Operator, let's open it up for Q&A.
Thank you, Mr. Ventura. [Operator Instructions] Our first question comes from the line of Doug Leggate from Bank of America Merrill Lynch. Please go ahead.
Thanks. Good morning, everyone. Good morning, Jeff.
Jeff, first of all, congratulations on another very strong operating quarter given the circumstances. But, I guess, the question that seems to be getting asked to a lot of your oily peers is, is there a level when you would consider putting rigs back to work? Now, I realize $2 gas price may be a little premature or certainly irrelevant in this market. But just conceptually, given the efficiencies that you have baked into the system, given the continued improvement you delivered for the last several years, what is your philosophy in terms of how you see Range’s longer-term targets evolving, assuming that gas prices do improve? And I’m thinking back to when you used to talk about 20-plus growth as an annual run rate in the longer-term.
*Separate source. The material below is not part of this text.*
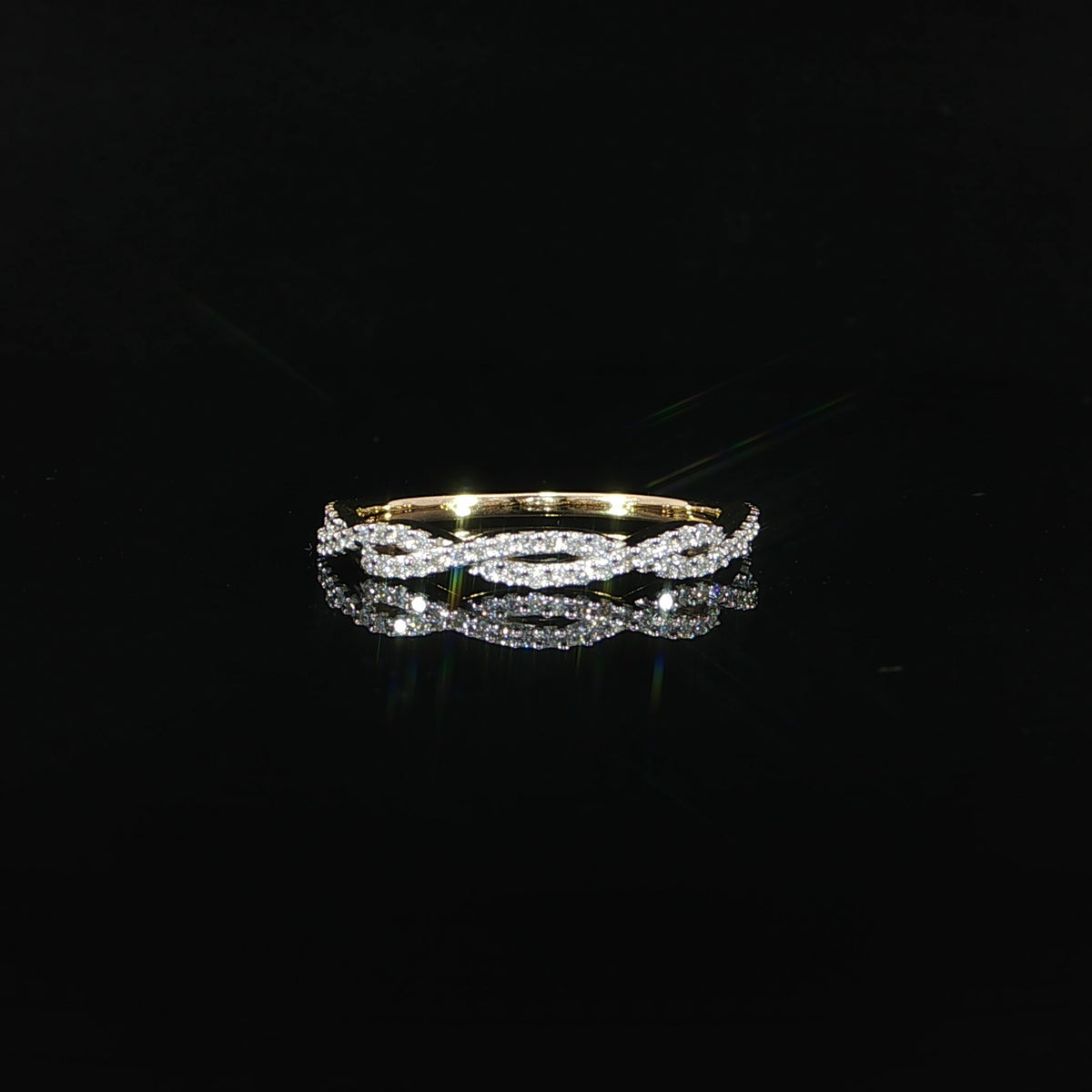 Small round diamonds trace intertwined strands across the front of a 14K yellow gold band.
That’s great question. Let me talk about it in a very conceptual way. Again, I think we’re in a great position. We’re in the highest quality gas play that’s there with economics, I think, that really rival any play. It’s a stack pay area. By the end of this year, it’s predominantly HBP, so we’ve got a lot of optionality not only in drilling Marcellus, Utica, or Upper Devonian, but drilling wet or dry. We’ve got really low maintenance CapEx, which I think is important. And I think is – if it isn’t best-in-class, it’s clearly right up there. Coupled with really good marketing agreements. Now, there are a lot – our newest piece that’s in place, Mariner East. So the ability to move ethane, propane or natural gas really to multiple markets around the US or even internationally, the ability to go back on existing pads, those are all key things. So I think what you’ll see is too is we’re in great shape in a low-price environment. We believe that a lot of good fundamentals are setting up for natural gas to improve. We think this will be the first year natural gas supply rolls since 2005 or something back like that, coupled with a time where demand is coming up. So in a lower – for a longer scenario, we are well-positioned. In a higher price scenario, we have a lot of optionality. Ray has talked about it and can continue to talk about. I think when you look at our fracking efficiency, it’s probably best-in-class or right up there, our drilling efficiency and wells. So we have the ability to ramp when need be. But we’re going to be very returns-focused. We’ll be sensitive to balance sheet and those types of things. So we have – we have a lot of optionality to push the throttle forward or to pull it back, which is, I think, the position that we want to be in. So that’s kind of a long-winded answer, but I think philosophically we’ll think about the returns we’re getting. We’ll think about the balance sheet and all those types of things. But we have a lot of optionality with what we have. The team continues to get better, better and better as evidenced by the capital efficiency and we have tried to slice and dice that in multiple ways, everything from a high-level graph that shows our capital efficiency to some of the specifics. And, again, feel free to ask Ray about some of those. I think when you look at them versus peers, they are impressive numbers. So that’s kind of philosophically how we look at it.
I guess what I’m kind of struggling with this if you assume any kind of modest recovery in gas prices, you could pretty much make your growth rate whatever you wanted it to be. So I’m just trying to think how you would trend limits around that, whether it would be balance sheet or some kind of EBITDA coverage ratio or…?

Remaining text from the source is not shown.